If you want to support our work reporting news the WaPo will report as news in two months, please donate!
In the department of news that got reported here two months ago, the WaPo is reporting on FISC’s approval to let the government search through incidentally collected information. Its news hook is that the 2011 move reversed an earlier 2008 ban that the government had asked for.
The court in 2008 imposed a wholesale ban on such searches at the government’s request, said Alex Joel, civil liberties protection officer at the Office of the Director of National Intelligence (ODNI). The government included this restriction “to remain consistent with NSA policies and procedures that NSA applied to other authorized collection activities,” he said.
But in 2011, to more rapidly and effectively identify relevant foreign intelligence communications, “we did ask the court” to lift the ban, ODNI general counsel Robert S. Litt said in an interview. “We wanted to be able to do it,” he said, referring to the searching of Americans’ communications without a warrant.
It may well be that the NSA was prohibited from searching on incidentally collected information, but not all parts of the government were. In his October 3, 2011 FISC opinion, John Bates pointed to some other minimization procedures allowing such searches to justify his approval for NSA to do so.

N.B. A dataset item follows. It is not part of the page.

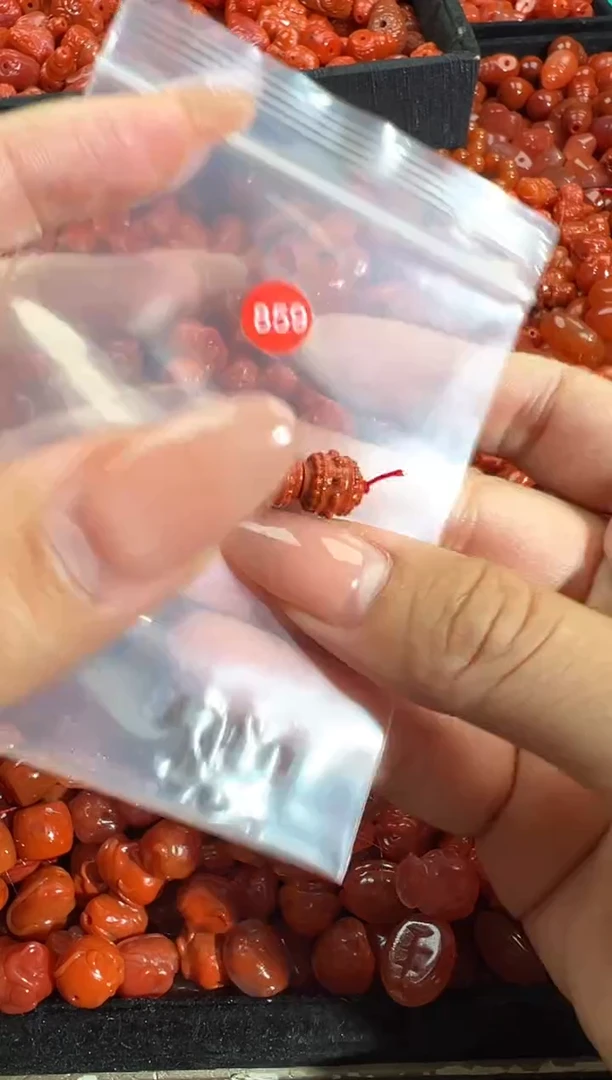 南红玛瑙未镶嵌颈饰1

This relaxation of the querying rules does not alter the Court’s prior conclusion that NSA minimization procedures meet the statutory definition of minimization procedures. [2 lines redacted] contain an analogous provision allowing queries of unminimized FISA-acquired information using identifiers — including United States-person identifiers — when such queries are designed to yield foreign intelligence information. See [redacted] In granting [redacted] applications for electronic surveillance or physical search since 2008, including applications targeting United States persons and persons in the United States, the Court has found that the [redacted] meet the definition of minimization procedures at 50 U.S.C. §§ 1801 (h) and 1821(4). It follows that the substantially similar querying provision found at Section 3(b)(5) of the amended NSA minimization procedures should not be problematic in a collection that is focused on non-United States persons located outside the United States and that, in the aggregate, is less likely to result in the acquisition of nonpublic information regarding non-consenting United States persons.
We already had reason to believe other agencies do this, because when the Senate Intelligence Committee discussed it, they described the intelligence community generally wanting such searches.

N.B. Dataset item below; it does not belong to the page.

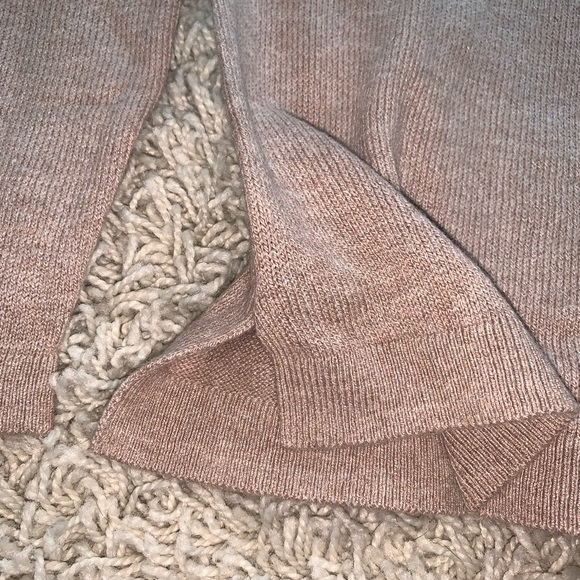 Sweater - Picture 3 of 3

Finally, on a related matter, the Committee considered whether querying information collected under Section 702 to find communications of a particular United States person should be prohibited or more robustly constrained. As already noted, the Intelligence Community is strictly prohibited from using Section 702 to target a U.S. person, which must at all times be carried out pursuant to an individualized court order based upon probable cause. With respect to analyzing the information lawfully collected under Section 702, however, the Intelligence Community provided several examples in which it might have a legitimate foreign intelligence need to conduct queries in order to analyze data already in its possession. [my emphasis]
Bates’ mention of targeting US persons strongly suggests FBI was the agency in question (though the CIA may as well). (If this practice weren’t already permitted, I would bet it got approved in the aftermath of the Nidal Hasan attack, which might explain why so many more Americans who had communicated with Anwar al-Awlaki or Samir Khan were caught in stings after that point.)
So did Ronald Litt and Alex Joel tell Ellen Nakashima this to hide a much more intrusive practice at FBI (which they also oversee)?